Elon Computing Sciences

DIFFUSION OF A NEW COLLABORATIVE TOOL FOR SOCIAL PROGRAMMING: THE EXAMPLE OF PASTEBIN

Amber K. Smith (Dr. Megan Squire) Department of Computing Sciences

Pastebins services are web sites designed to make it easier to share (and in some cases execute) code snippets among developers. This research describes how software developers using three different social media to communicate (mailing lists, IRC, and Stack Overflow) react and adjust to this new supplementary collaboration tool, called a pastebin service.

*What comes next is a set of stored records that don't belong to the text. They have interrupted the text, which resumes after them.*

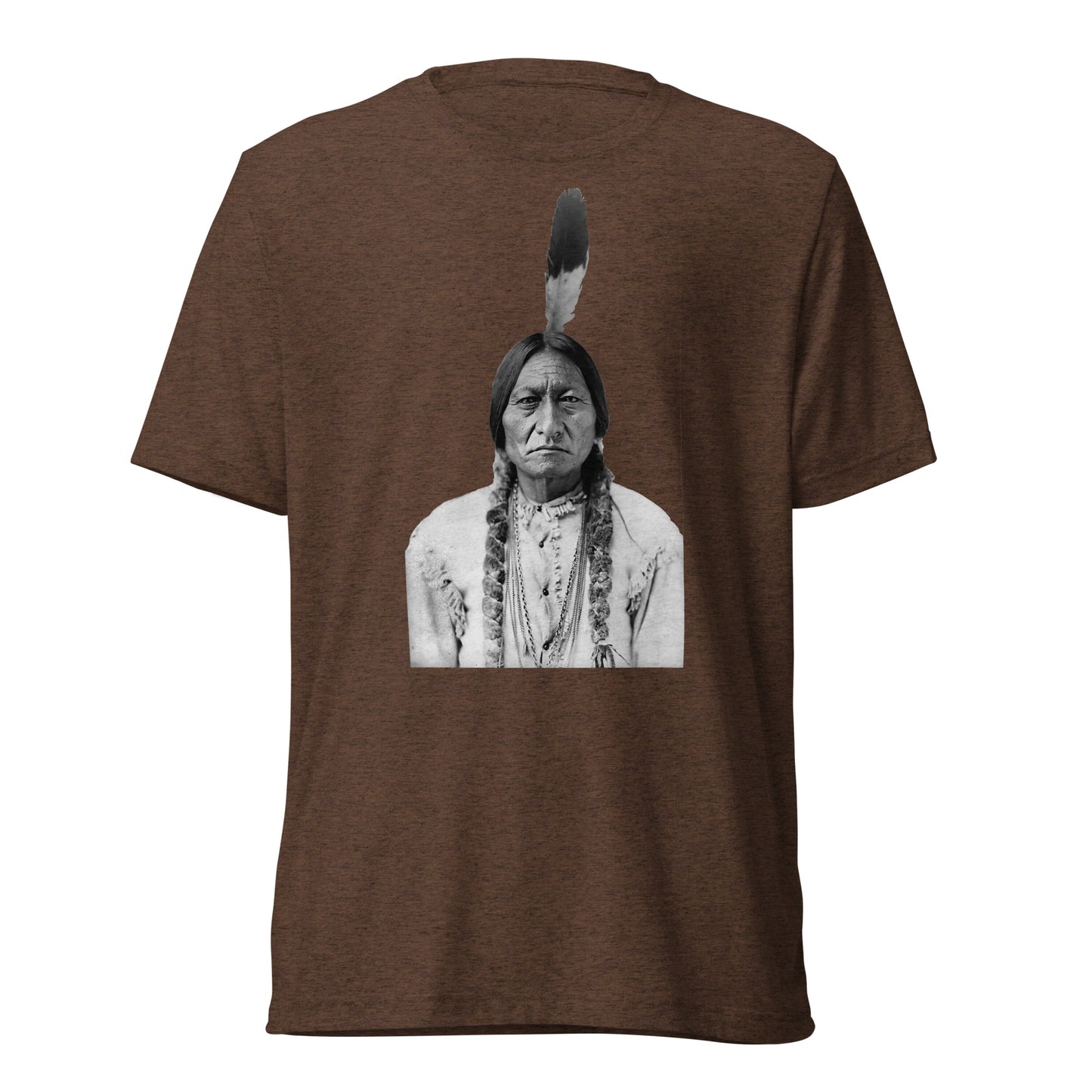 Sitting Bull Artist Edit - Short sleeve t-shirt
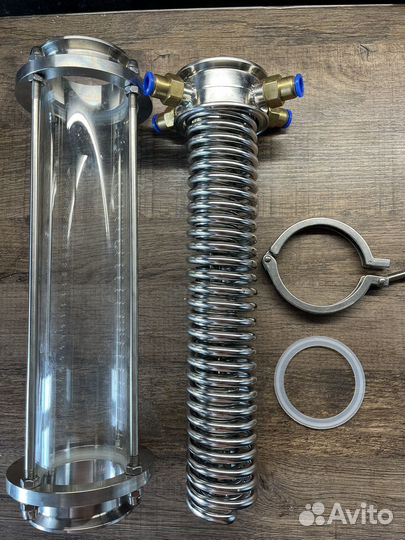 Холодильник Димрота 3 дюйма мзбо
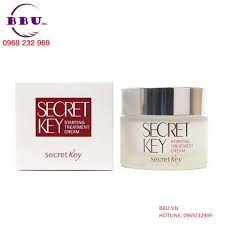 Kem Dưỡng Trắng Chống Lão Hóa Secret Key Starting Treatment Cream – 50ml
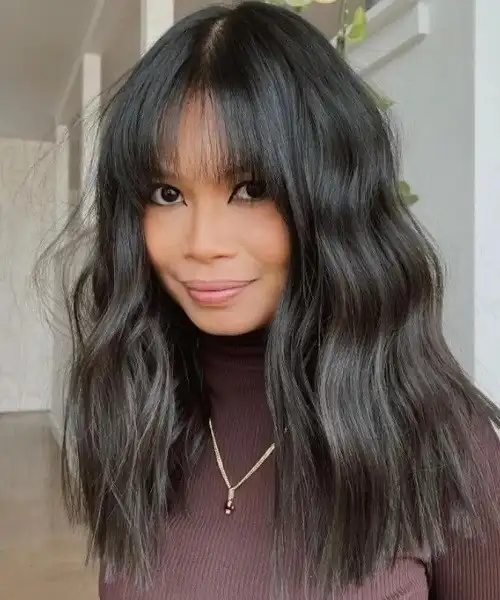 Wispy Bangs
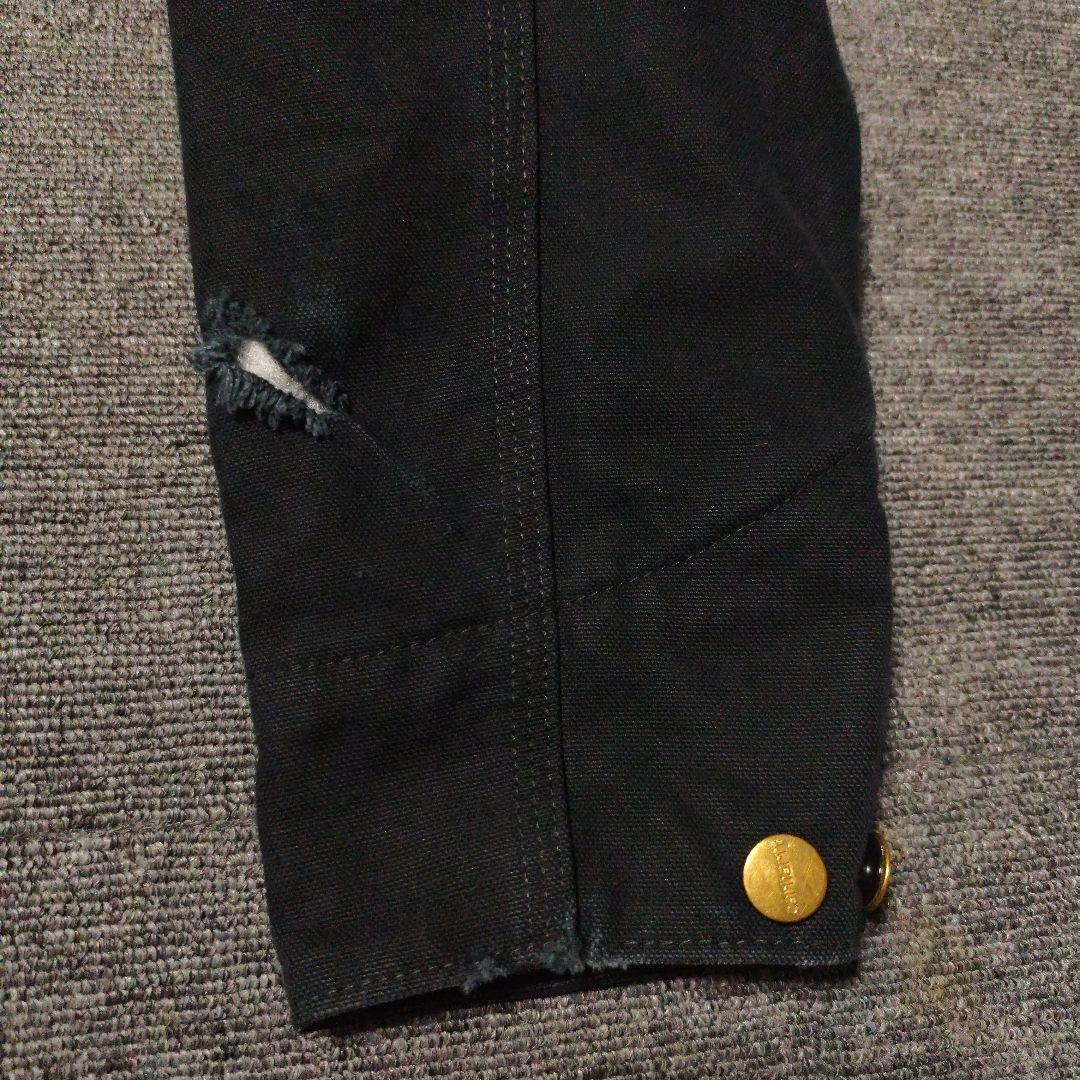 カーハート ダックジャケット カバーオール コットン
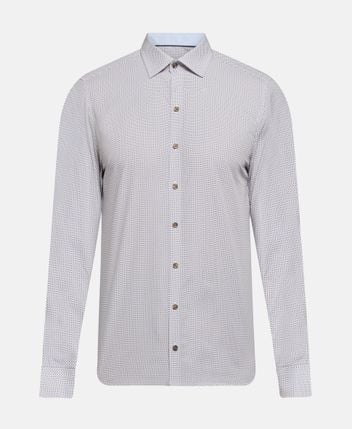 Long-sleeved shirt - slim fit
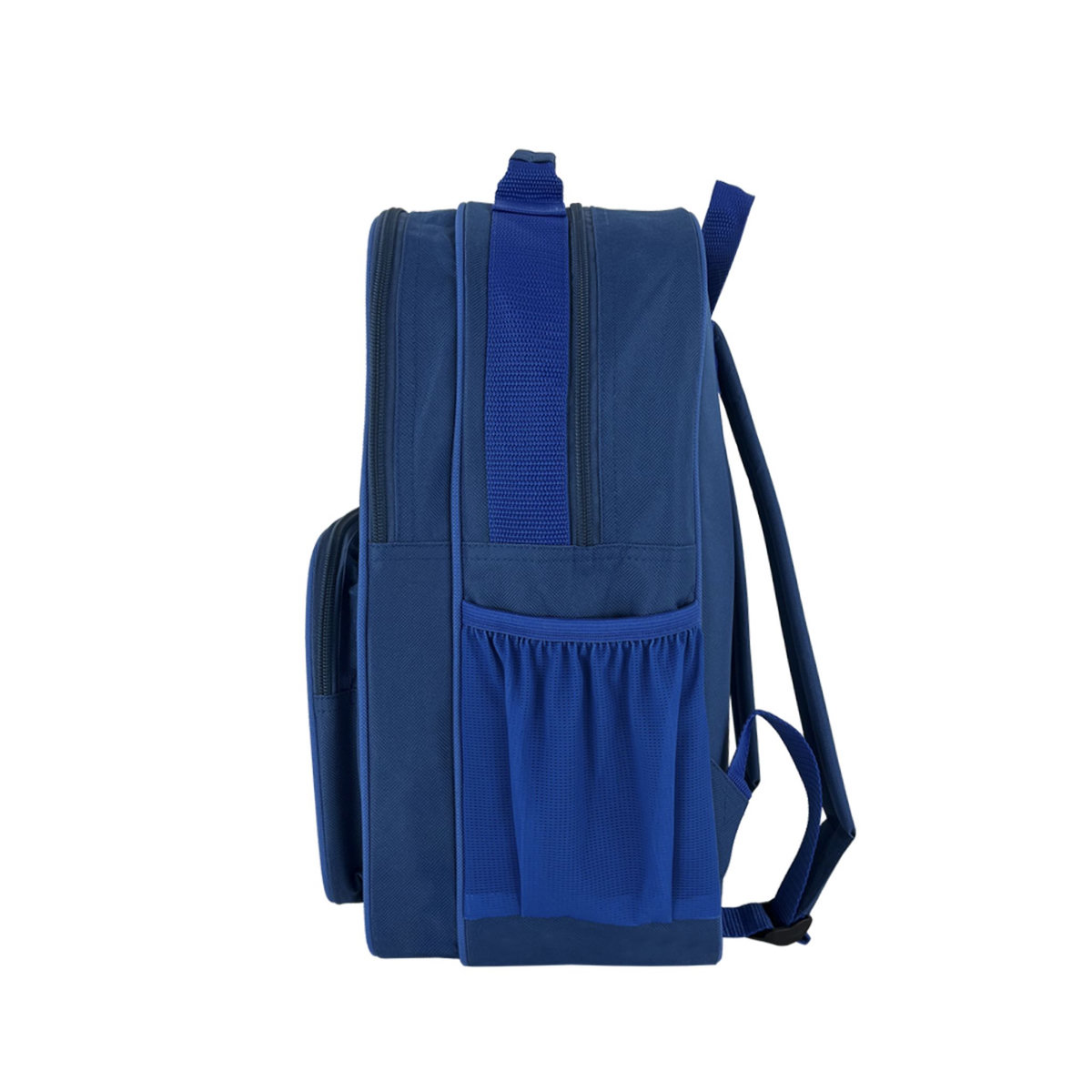 POUCE Sac à dos 2 compartiments bleu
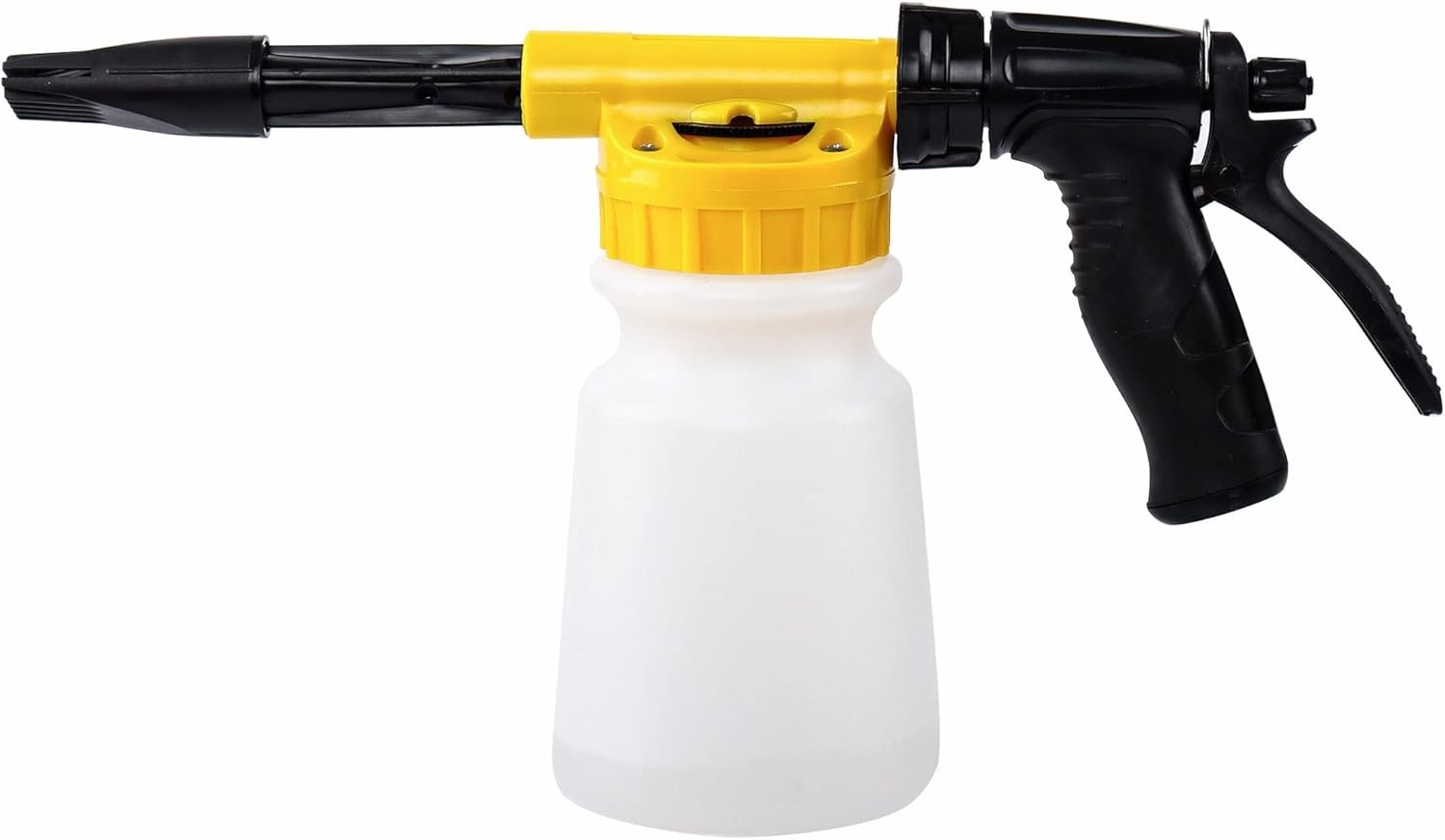 Foam Cannon for Garden Hose，Adjustment Ratio Dial Foam Gun,Car Wash Soap Spra…
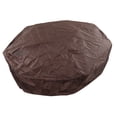 thumbnail image 3 of Housse Ronde pour Spa Extérieur, Housse de Baignoire Ronde pour Patio, Compacte et Pliable, Taffetas de Polyester 190 Argenté pour Spa, 3 of 8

Mailing lists and IRC (Internet Relay Chat) channels are both heavily used between software development teams to easily communicate between all members. They are slightly different in the fact that IRC channels are used for quick simple questions or comments similar to instant message systems while mailing lists generally have more content and are used for tasks such as sending updates or voting on ideas with all members. In comparison, Stack Overflow is a question and answer web site for the general public. Anyone can view and answer your question even if they are not on your software development team. >

Using mailing list archives, IRC logs, and a database dump from Stack Overflow, we examine the adoption of this pastebin tool by social programmers through the lens of classic Diffusion of Innovation (DoI) theory. We then compare the way social programmers on three different types of social media decided whether to accept or reject the new pastebin tool. We find that the common reasons social programmers give for accepting and rejecting pastebin are mostly typical and follow the DoI closely: the tool provides relative advantage, simplicity, etc. We also find that the most prevalent stated reason for rejection of the pastebin is one of compatibility of values; there is an expectation that a tool designed to supplement the developers' own communications should have the same level of longevity and permanence as the original communication channel. Additionally, we confirm the DoI's diffusion under interconnected communication networks: on Stack Overflow, individuals in "communication proximity" also tended to react to the innovation in similar ways.